В Белоозере же с неба упал огненный змей и своим дыханием спалил несколько сел; в Полоцке объявились злые духи, они днём и ночью скакали на конях по улицам, незримо уязвляя жителей. Сказывали также, будто во многих других городах колебалась земля и вода в колодцах делалась кровавого цвета.
Слухи, один другого нелепее, расползались по домам, обрастали подробностями, вселяя в сердца владимирцев безотчётный страх.
Отец Иван с амвона Богородичной церкви пытался образумить народ.
— Разве мы не погано живём, когда поддаёмся суеверию? — грозно вопрошал он свою паству. — Почти всякий из вас поворачивает назад, встретив по дороге монаха, свинью или коня лысого. А иные и чиханью веруют, будто оно бывает на здоровье голове. Разве это не язычество? Враг рода человеческого прельщает нас волхвованием, чародейством, блудом, запойством и клеветою. Но самый непростительный грех — наше суеверие, порождённое невежеством. Люди глупые любое явление природы толкуют как худое предзнаменование и не токмо сами робеют, но и других приводят в слабость. Измышления своего тёмного ума они выдают за очевидное, а простое поветрие — за дело рук дьявольских!
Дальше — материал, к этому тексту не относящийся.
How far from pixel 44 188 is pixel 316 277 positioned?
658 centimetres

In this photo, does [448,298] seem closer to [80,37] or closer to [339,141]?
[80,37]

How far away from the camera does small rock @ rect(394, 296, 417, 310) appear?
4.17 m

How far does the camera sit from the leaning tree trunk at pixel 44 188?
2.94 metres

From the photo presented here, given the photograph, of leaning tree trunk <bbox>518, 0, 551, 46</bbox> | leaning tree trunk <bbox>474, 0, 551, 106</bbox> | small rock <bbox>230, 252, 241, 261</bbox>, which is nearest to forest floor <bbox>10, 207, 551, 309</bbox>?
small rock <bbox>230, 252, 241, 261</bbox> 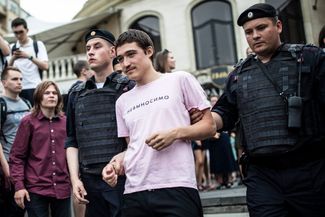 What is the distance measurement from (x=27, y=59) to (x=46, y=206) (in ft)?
10.8

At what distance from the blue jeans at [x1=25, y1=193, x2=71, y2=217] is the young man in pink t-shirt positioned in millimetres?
1797

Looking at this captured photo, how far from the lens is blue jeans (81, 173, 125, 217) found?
319 cm

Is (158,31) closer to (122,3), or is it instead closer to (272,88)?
(122,3)

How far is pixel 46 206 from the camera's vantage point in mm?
4281

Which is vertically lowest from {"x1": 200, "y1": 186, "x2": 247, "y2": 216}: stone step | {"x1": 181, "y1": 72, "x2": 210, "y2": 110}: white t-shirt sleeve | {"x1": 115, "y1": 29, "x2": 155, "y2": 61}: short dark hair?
{"x1": 200, "y1": 186, "x2": 247, "y2": 216}: stone step

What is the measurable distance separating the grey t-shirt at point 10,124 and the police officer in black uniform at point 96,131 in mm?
1847

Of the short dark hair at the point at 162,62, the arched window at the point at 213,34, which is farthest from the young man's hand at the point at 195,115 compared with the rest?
the arched window at the point at 213,34

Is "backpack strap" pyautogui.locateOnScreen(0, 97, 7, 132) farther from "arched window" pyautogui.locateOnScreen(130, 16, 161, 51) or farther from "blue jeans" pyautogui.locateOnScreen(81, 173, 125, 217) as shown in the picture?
"arched window" pyautogui.locateOnScreen(130, 16, 161, 51)

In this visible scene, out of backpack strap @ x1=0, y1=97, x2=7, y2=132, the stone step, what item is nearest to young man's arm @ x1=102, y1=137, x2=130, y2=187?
backpack strap @ x1=0, y1=97, x2=7, y2=132

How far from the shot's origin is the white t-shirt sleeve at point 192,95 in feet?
9.08

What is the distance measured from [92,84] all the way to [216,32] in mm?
12856

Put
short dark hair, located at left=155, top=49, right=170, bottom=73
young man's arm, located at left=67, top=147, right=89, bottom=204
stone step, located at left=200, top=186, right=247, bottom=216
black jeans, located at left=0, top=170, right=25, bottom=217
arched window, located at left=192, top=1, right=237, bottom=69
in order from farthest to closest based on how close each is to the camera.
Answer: arched window, located at left=192, top=1, right=237, bottom=69, short dark hair, located at left=155, top=49, right=170, bottom=73, stone step, located at left=200, top=186, right=247, bottom=216, black jeans, located at left=0, top=170, right=25, bottom=217, young man's arm, located at left=67, top=147, right=89, bottom=204

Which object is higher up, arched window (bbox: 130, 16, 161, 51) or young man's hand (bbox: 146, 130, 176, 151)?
arched window (bbox: 130, 16, 161, 51)

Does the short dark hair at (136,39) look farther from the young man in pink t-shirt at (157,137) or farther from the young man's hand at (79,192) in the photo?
the young man's hand at (79,192) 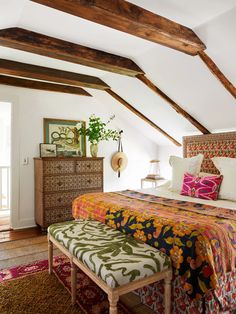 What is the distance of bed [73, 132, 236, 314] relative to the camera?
165cm

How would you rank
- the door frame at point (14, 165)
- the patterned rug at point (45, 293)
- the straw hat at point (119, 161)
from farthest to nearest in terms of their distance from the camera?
the straw hat at point (119, 161) → the door frame at point (14, 165) → the patterned rug at point (45, 293)

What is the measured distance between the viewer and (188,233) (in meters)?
1.74

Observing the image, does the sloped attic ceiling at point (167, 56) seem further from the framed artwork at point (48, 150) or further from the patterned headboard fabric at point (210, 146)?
the framed artwork at point (48, 150)

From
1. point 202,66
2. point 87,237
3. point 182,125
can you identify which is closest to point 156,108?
point 182,125

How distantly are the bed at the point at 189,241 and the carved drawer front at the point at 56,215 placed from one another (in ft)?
4.48

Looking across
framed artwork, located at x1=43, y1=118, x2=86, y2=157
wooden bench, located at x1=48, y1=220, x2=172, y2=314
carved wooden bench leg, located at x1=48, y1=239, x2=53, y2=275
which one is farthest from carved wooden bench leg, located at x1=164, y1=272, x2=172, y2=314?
framed artwork, located at x1=43, y1=118, x2=86, y2=157

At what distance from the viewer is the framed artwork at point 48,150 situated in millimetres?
4195

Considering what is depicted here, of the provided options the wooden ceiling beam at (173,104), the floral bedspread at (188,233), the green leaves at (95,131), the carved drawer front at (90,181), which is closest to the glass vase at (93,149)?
the green leaves at (95,131)

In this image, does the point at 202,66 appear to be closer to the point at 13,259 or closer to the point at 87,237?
the point at 87,237

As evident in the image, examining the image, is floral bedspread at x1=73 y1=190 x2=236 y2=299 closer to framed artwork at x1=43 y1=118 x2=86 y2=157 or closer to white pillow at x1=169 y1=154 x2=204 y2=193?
white pillow at x1=169 y1=154 x2=204 y2=193

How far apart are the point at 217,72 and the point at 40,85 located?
8.75 ft

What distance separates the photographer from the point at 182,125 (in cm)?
423

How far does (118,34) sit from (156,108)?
1.68m

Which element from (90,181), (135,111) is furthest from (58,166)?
(135,111) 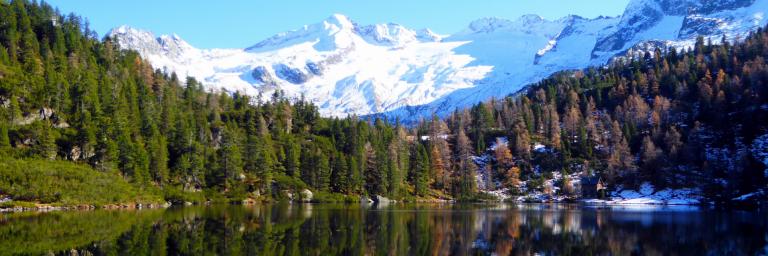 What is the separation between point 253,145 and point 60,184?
55.3 m

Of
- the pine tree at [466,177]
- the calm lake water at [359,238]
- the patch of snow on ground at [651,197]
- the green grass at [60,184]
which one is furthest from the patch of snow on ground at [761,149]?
the green grass at [60,184]

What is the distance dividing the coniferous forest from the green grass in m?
0.19

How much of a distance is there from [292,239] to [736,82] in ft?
594

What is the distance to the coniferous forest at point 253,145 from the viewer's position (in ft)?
327

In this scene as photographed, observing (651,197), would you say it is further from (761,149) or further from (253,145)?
(253,145)

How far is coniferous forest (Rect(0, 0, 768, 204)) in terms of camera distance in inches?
3920

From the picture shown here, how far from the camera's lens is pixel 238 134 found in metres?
145

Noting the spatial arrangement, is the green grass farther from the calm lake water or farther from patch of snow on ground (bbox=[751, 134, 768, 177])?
patch of snow on ground (bbox=[751, 134, 768, 177])

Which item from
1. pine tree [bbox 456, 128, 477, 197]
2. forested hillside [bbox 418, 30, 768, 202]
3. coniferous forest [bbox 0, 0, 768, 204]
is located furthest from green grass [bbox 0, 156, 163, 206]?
forested hillside [bbox 418, 30, 768, 202]

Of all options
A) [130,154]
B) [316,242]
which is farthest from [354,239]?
[130,154]

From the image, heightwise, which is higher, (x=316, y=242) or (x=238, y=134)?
(x=238, y=134)

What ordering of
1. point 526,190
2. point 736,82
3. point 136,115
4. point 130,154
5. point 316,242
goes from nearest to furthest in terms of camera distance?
point 316,242 → point 130,154 → point 136,115 → point 526,190 → point 736,82

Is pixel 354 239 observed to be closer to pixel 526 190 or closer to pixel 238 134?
pixel 238 134

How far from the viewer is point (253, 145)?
13862cm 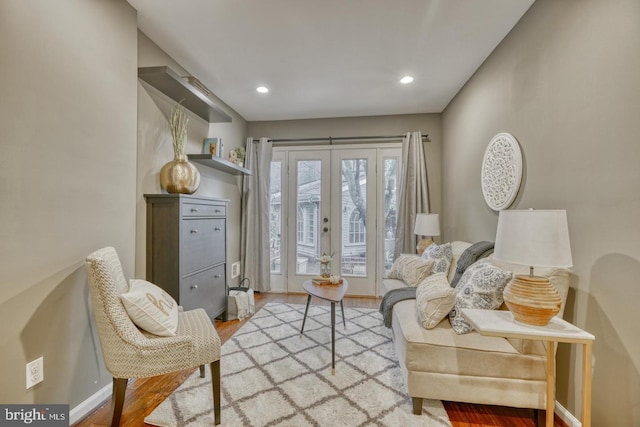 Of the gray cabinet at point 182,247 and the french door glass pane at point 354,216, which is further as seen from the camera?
the french door glass pane at point 354,216

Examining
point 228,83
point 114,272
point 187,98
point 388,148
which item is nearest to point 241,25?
point 187,98

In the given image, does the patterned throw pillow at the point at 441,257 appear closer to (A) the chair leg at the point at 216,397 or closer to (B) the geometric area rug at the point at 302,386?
(B) the geometric area rug at the point at 302,386

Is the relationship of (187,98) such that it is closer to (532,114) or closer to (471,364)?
(532,114)

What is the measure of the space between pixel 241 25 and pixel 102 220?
66.0 inches

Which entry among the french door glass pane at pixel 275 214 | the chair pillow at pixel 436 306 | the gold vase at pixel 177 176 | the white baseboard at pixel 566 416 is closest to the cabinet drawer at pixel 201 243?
the gold vase at pixel 177 176

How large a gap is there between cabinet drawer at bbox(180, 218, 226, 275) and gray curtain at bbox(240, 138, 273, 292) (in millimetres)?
1015

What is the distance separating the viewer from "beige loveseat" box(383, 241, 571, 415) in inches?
58.9

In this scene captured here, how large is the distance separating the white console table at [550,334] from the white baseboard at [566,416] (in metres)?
0.36

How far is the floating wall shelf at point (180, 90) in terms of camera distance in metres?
2.06

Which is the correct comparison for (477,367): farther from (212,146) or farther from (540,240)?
(212,146)

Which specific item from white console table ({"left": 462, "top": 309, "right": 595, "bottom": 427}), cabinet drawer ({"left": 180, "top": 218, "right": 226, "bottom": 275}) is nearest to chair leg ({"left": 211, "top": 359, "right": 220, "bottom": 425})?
cabinet drawer ({"left": 180, "top": 218, "right": 226, "bottom": 275})

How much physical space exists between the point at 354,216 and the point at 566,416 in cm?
284

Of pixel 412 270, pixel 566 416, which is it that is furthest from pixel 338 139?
pixel 566 416

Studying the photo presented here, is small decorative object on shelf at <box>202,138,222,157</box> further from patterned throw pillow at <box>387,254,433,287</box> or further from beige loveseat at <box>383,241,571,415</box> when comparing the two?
beige loveseat at <box>383,241,571,415</box> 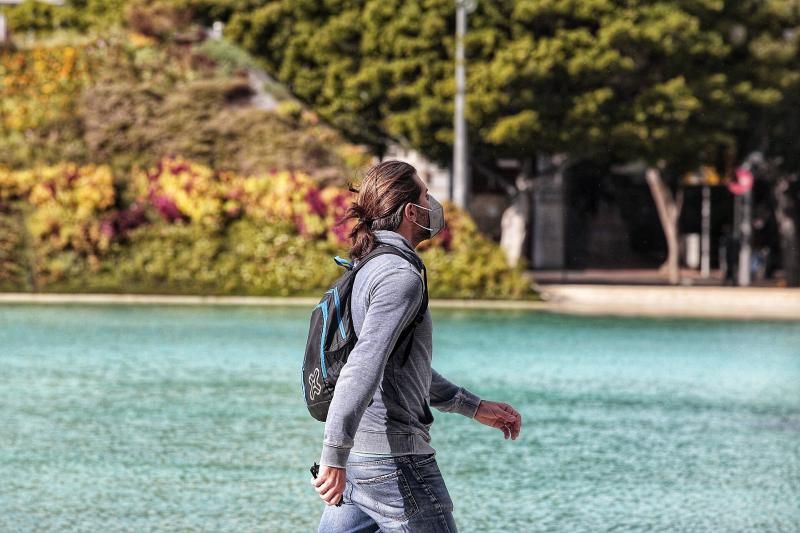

Проповеди отца Ивана немного успокоили горожан, но не надолго. Через несколько дней, тринадцатого апреля, на Владимир накинулся красный петух.
Всеволод Юрьевич проснулся под утро, разбуженный трезвоном сполошного колокола. Он сел на постели и поглядел в окно. Сквозь слюду пробивалось рыжее зарево пожара.
Великий князь наспех оделся и, выходя из дверей, столкнулся с Гюрей. Они вместе выбежали на крыльцо терема.
Горели избы вблизи Успенского собора. Гривастое пламя широко ходило по улицам, приближаясь к детинцу. Истошно голосили бабы и выли собаки. Деревянные кровли домов вспыхивали как свечи. Головни, чертя огненные дуги, летели во все стороны и поджигали новые усадьбы.